WHAT IS NEEDED: The records below must be repeated exactly, but without their pictures.

======== SUPPLIED DATA ========

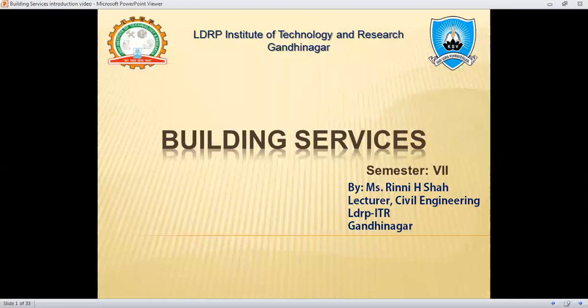Hello students, my name is Rinesha and I'm a faculty of civil engineering at the LDRP Institute of Technology and Research, Gandhinagar. Today our topic will be building services, which is the subject of semester 7.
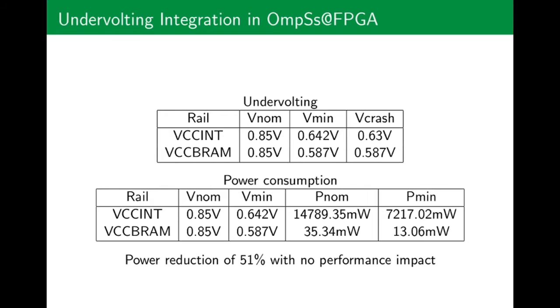A brief explanation for this slide: VNOM means nominal voltage, which is the standard voltage the rails operate at by default. VMIN indicates the lowest voltage to not have any observable faults, and VCRASH is the lowest voltage observed to not crash the application or the system. As you can see, we managed a 51% reduction in power consumption by lowering the voltage to VMIN, with no impact on performance.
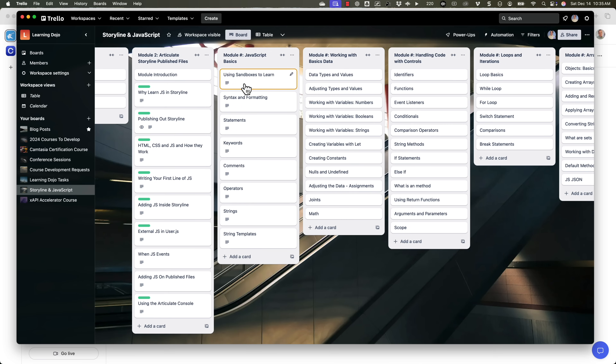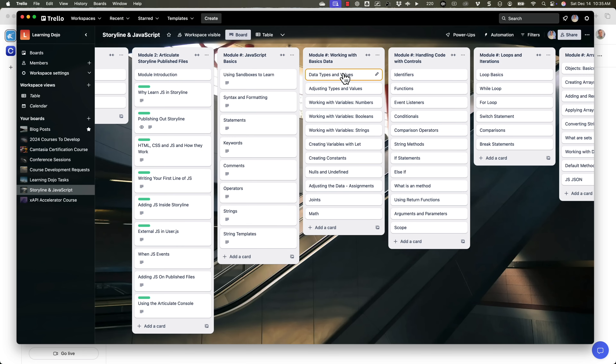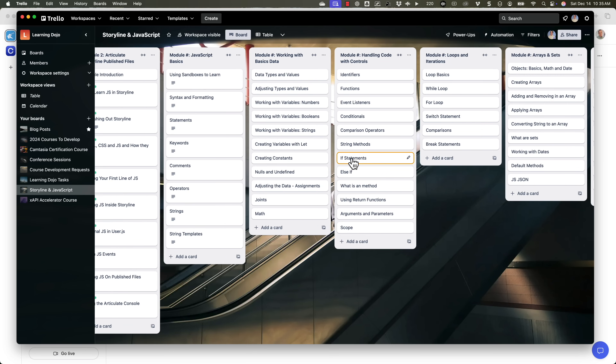The next section will cover sandboxes, syntax — actually writing and formatting your JavaScript — statements, keywords, comments, operators, strings, and all the different puzzle pieces of JavaScript and how to use them. Programming concepts are the same across all languages: variables, conditions, commands. What differs is the syntax. We'll also cover data types, constants, if statements and conditionals, variables, math, and loops — being able to loop through content really easily.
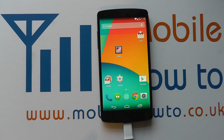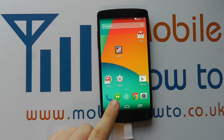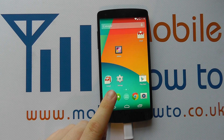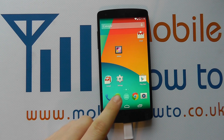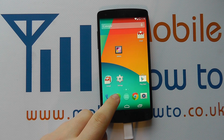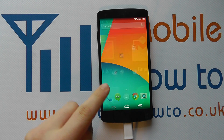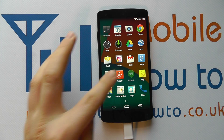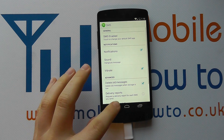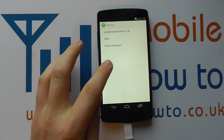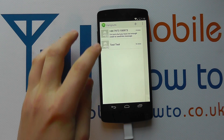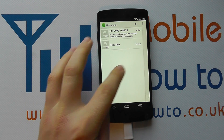To do this you need to go into your Hangouts application where you've got your conversations and SMSs stored. It might be a shortcut on your home screen or in your apps tray.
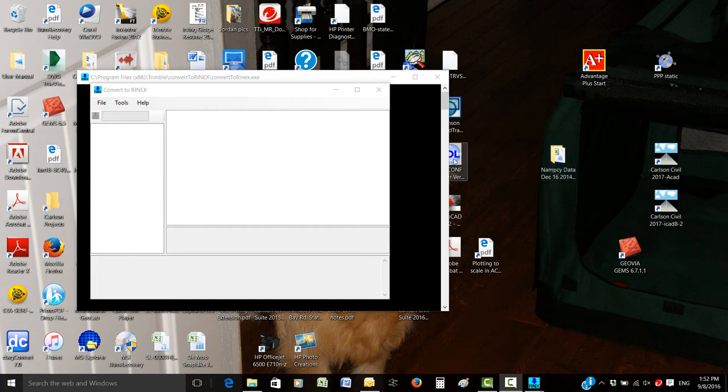This is a quick video to show how we can convert Rinex files from our T02 files.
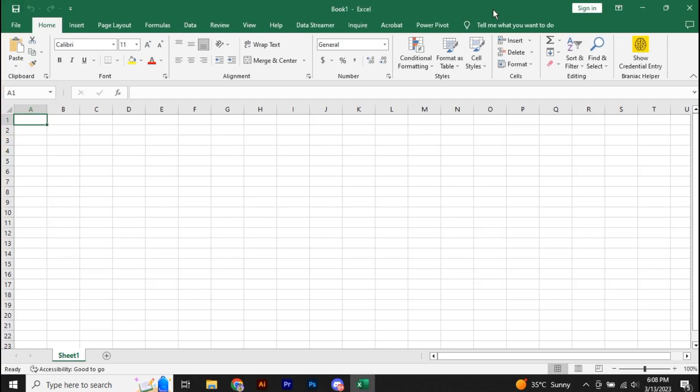Hey guys, welcome back to another amazing video and this tutorial is all about how you can use ChatGPT over on Microsoft Excel. The process is going to be very simple. Just watch the video till the end and make sure to follow all the steps properly.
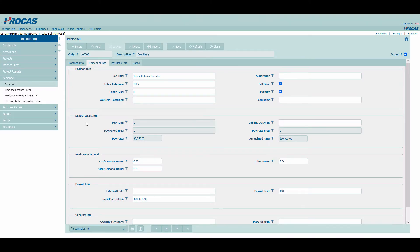Previously, users were able to edit the Salary and Wage Information section of the personnel record. These fields have now been made read-only and show which pay rate is currently effective. All editing for pay information will be done on the new Pay Rate Info tab.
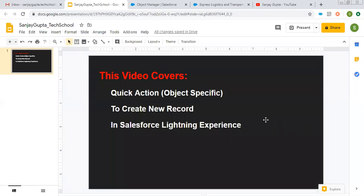Hello friends, I am Sanjay Gupta. I welcome you on Sanjay Gupta Tech School. In this video, I am going to demonstrate how you can create a quick action that will be object-specific and it will perform an operation to create a new record, and it will be implementing Salesforce Lightning experience.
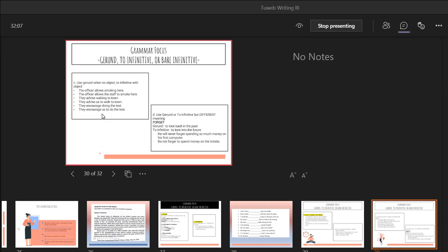We can also use gerund or to infinitive, but with different meanings. For example, the word 'forget' — when used with a gerund, it means to look back at the past, but with to infinitive, it means to look into the future. You can see these examples in your book on page 3.40.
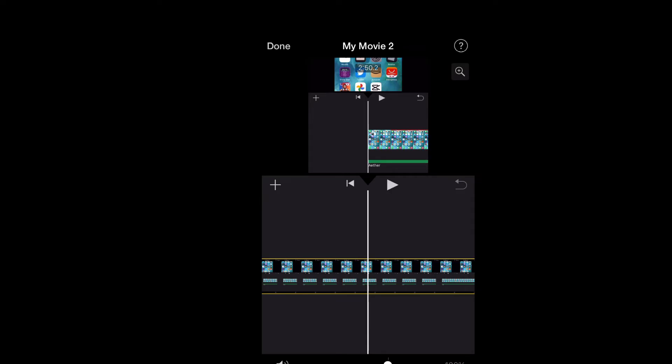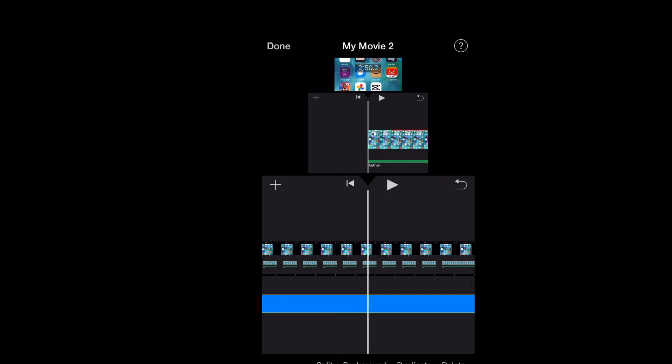You can tap on that and you'll see Detach, and you're going to tap on Detach. After you have selected Detach, you'll simply tap on the audio, then you'll tap on Delete.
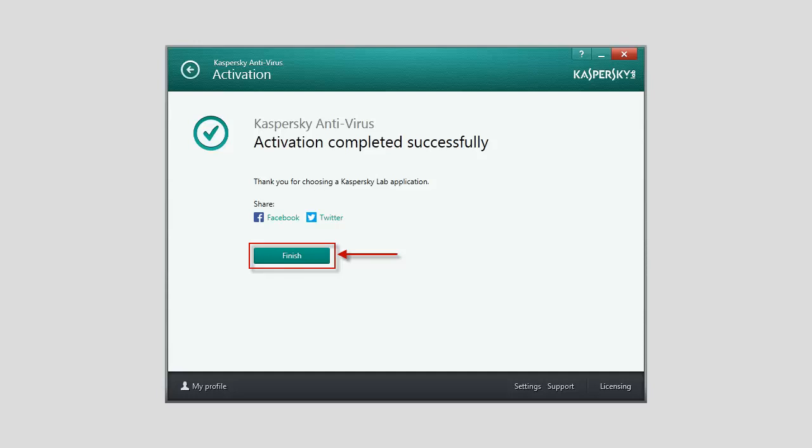The Licensing window will display the information about your license, Term of Validity, Activation Date, and the License Type.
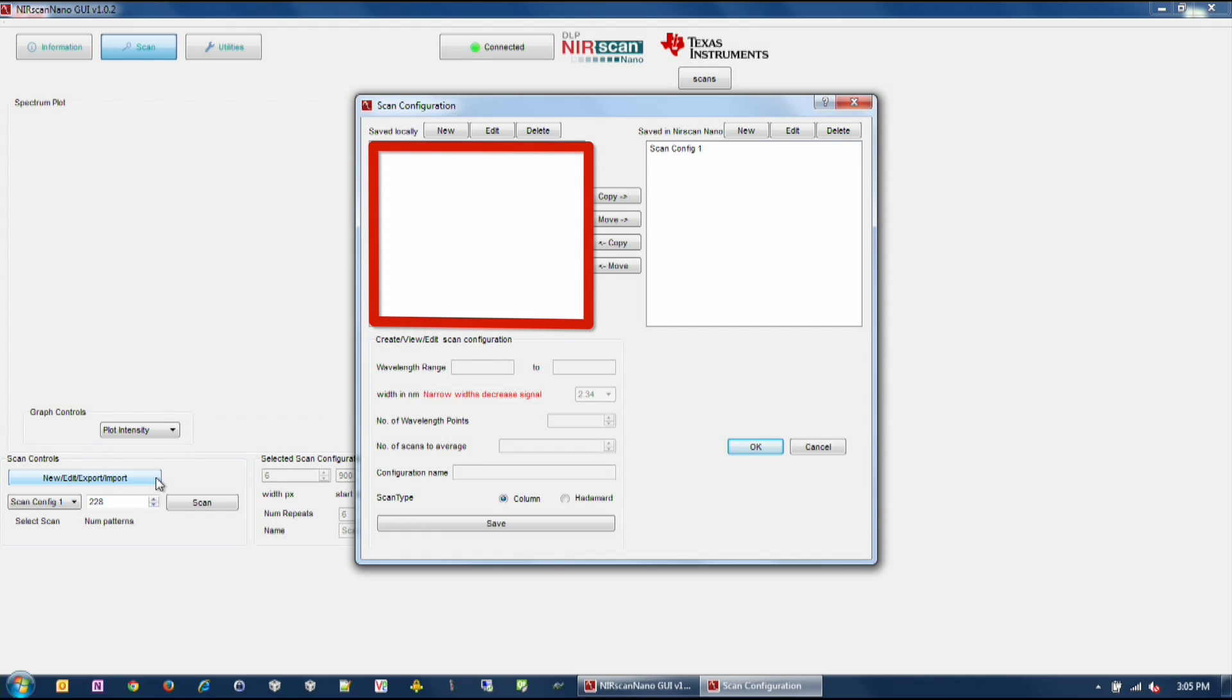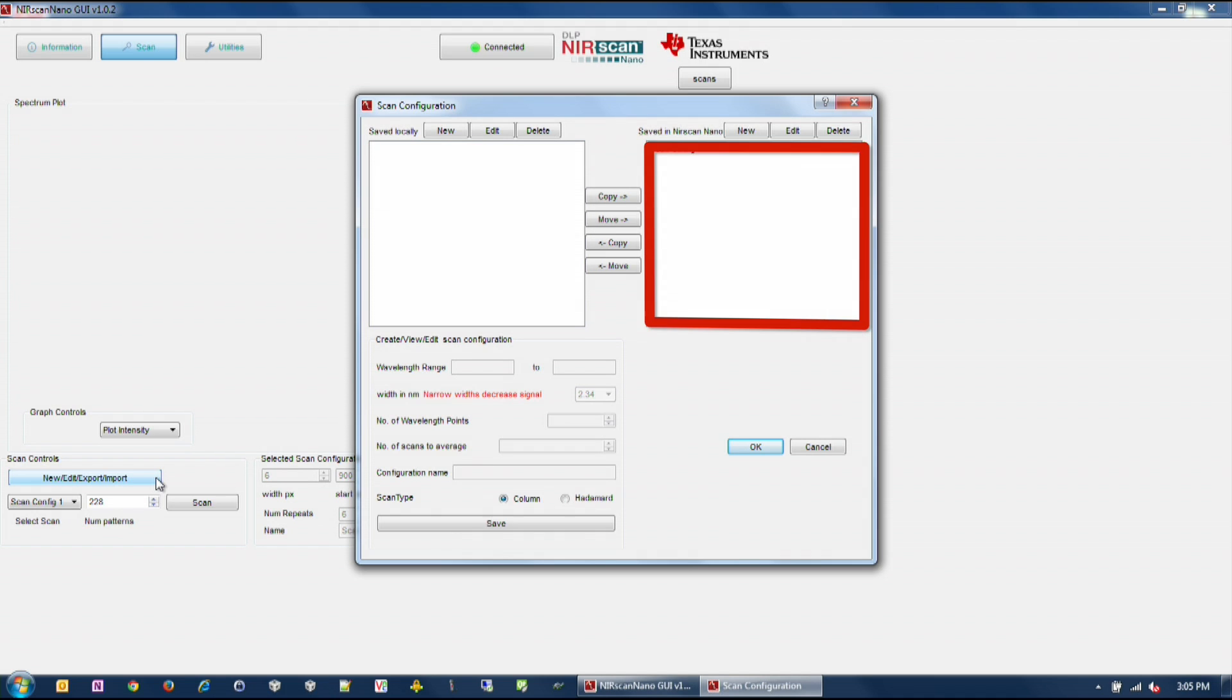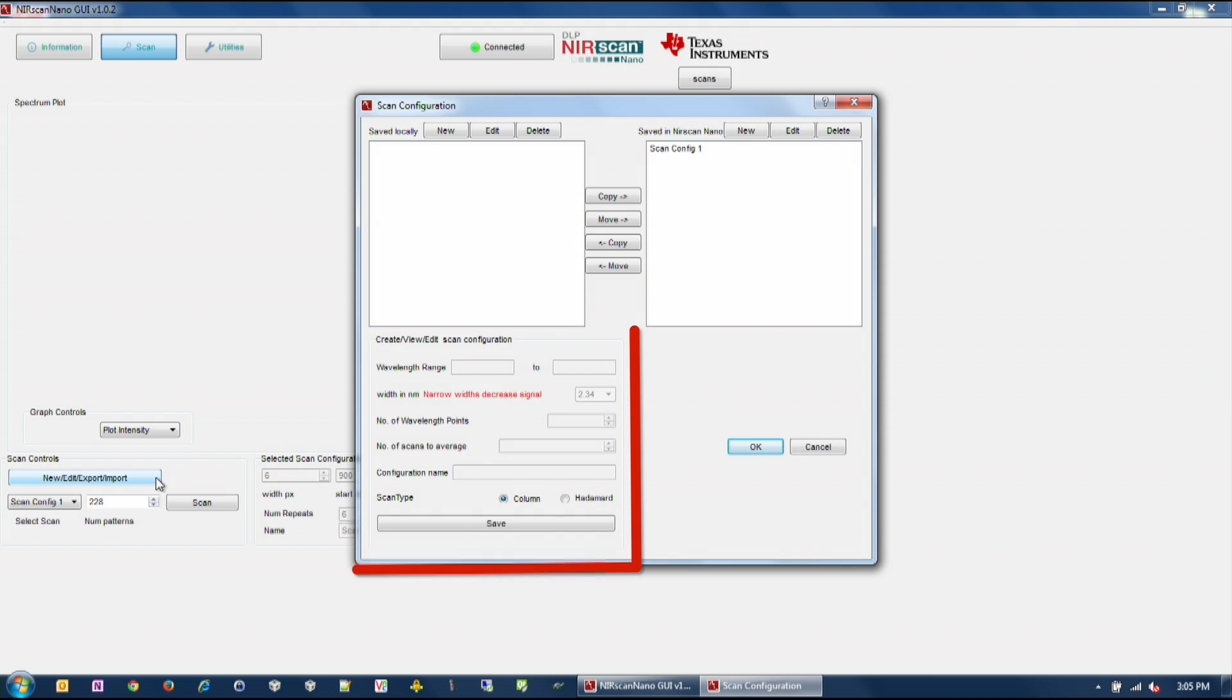The top left section displays previous scan configurations saved to the PC. The top right section displays the scan configuration saved on the DLP Nearscan Nano EVM. The bottom section displays the scan configuration parameters of the selected PC or DLP Nearscan Nano EVM stored scan configuration.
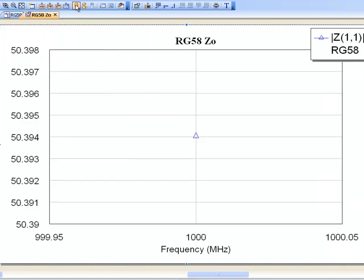We've got roughly 50.4 ohms characteristic impedance. The RG58 cable is rated to have a 50-ohm impedance, so we're very, very close, and this goes to show just how accurate the simulator can be.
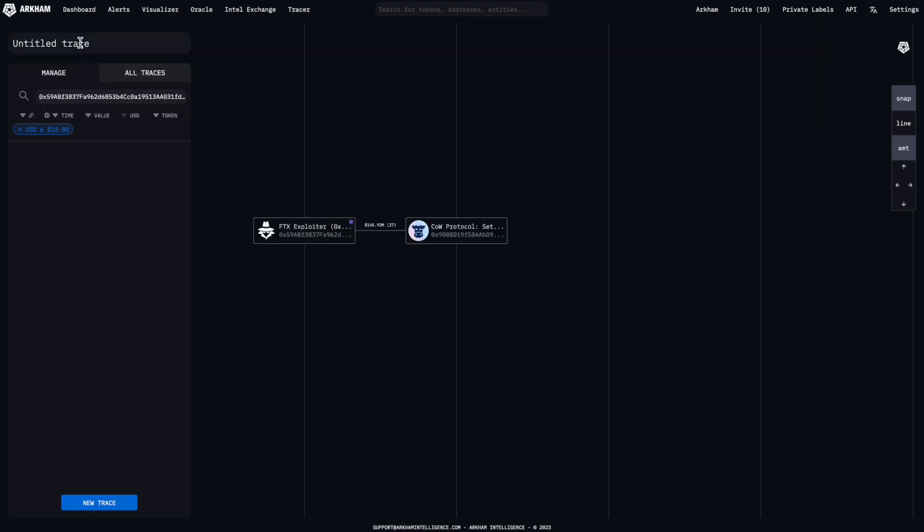You can double click on Untitled Trace to rename your trace. Changes are saved automatically.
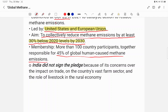India is not a member of the Global Methane Pledge. India has concerns as a developing nation, particularly regarding its large livestock sector. Joining the pledge would create obligations to reduce methane from that sector, which India is cautious about. That is why India has not joined the Global Methane Pledge. Thanks for viewing this video.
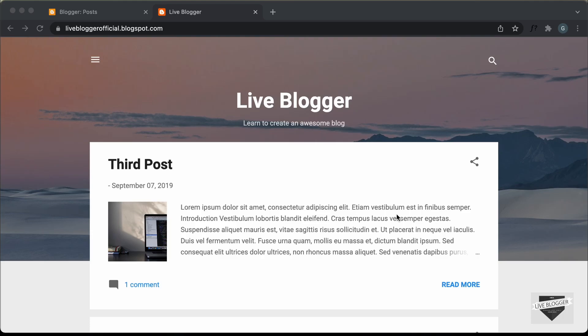Hi everybody. Welcome to live blogger. In this video, I'll show you what are if conditionals in blogger and how to use them. Let's get started.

========

ANSWER SECTION:
Hello students, my name is Rinesha and I'm a faculty of civil engineering at the LDRP Institute of Technology and Research, Gandhinagar. Today our topic will be building services, which is the subject of semester 7.
A brief explanation for this slide: VNOM means nominal voltage, which is the standard voltage the rails operate at by default. VMIN indicates the lowest voltage to not have any observable faults, and VCRASH is the lowest voltage observed to not crash the application or the system. As you can see, we managed a 51% reduction in power consumption by lowering the voltage to VMIN, with no impact on performance.
The next section will cover sandboxes, syntax — actually writing and formatting your JavaScript — statements, keywords, comments, operators, strings, and all the different puzzle pieces of JavaScript and how to use them. Programming concepts are the same across all languages: variables, conditions, commands. What differs is the syntax. We'll also cover data types, constants, if statements and conditionals, variables, math, and loops — being able to loop through content really easily.
To do this you need to go into your Hangouts application where you've got your conversations and SMSs stored. It might be a shortcut on your home screen or in your apps tray.
This is a quick video to show how we can convert Rinex files from our T02 files.
Hey guys, welcome back to another amazing video and this tutorial is all about how you can use ChatGPT over on Microsoft Excel. The process is going to be very simple. Just watch the video till the end and make sure to follow all the steps properly.
Previously, users were able to edit the Salary and Wage Information section of the personnel record. These fields have now been made read-only and show which pay rate is currently effective. All editing for pay information will be done on the new Pay Rate Info tab.
Hello friends, I am Sanjay Gupta. I welcome you on Sanjay Gupta Tech School. In this video, I am going to demonstrate how you can create a quick action that will be object-specific and it will perform an operation to create a new record, and it will be implementing Salesforce Lightning experience.
We can also use gerund or to infinitive, but with different meanings. For example, the word 'forget' — when used with a gerund, it means to look back at the past, but with to infinitive, it means to look into the future. You can see these examples in your book on page 3.40.
You can tap on that and you'll see Detach, and you're going to tap on Detach. After you have selected Detach, you'll simply tap on the audio, then you'll tap on Delete.
The Licensing window will display the information about your license, Term of Validity, Activation Date, and the License Type.
The top left section displays previous scan configurations saved to the PC. The top right section displays the scan configuration saved on the DLP Nearscan Nano EVM. The bottom section displays the scan configuration parameters of the selected PC or DLP Nearscan Nano EVM stored scan configuration.
We've got roughly 50.4 ohms characteristic impedance. The RG58 cable is rated to have a 50-ohm impedance, so we're very, very close, and this goes to show just how accurate the simulator can be.
You can double click on Untitled Trace to rename your trace. Changes are saved automatically.
India is not a member of the Global Methane Pledge. India has concerns as a developing nation, particularly regarding its large livestock sector. Joining the pledge would create obligations to reduce methane from that sector, which India is cautious about. That is why India has not joined the Global Methane Pledge. Thanks for viewing this video.
Hi everybody. Welcome to live blogger. In this video, I'll show you what are if conditionals in blogger and how to use them. Let's get started.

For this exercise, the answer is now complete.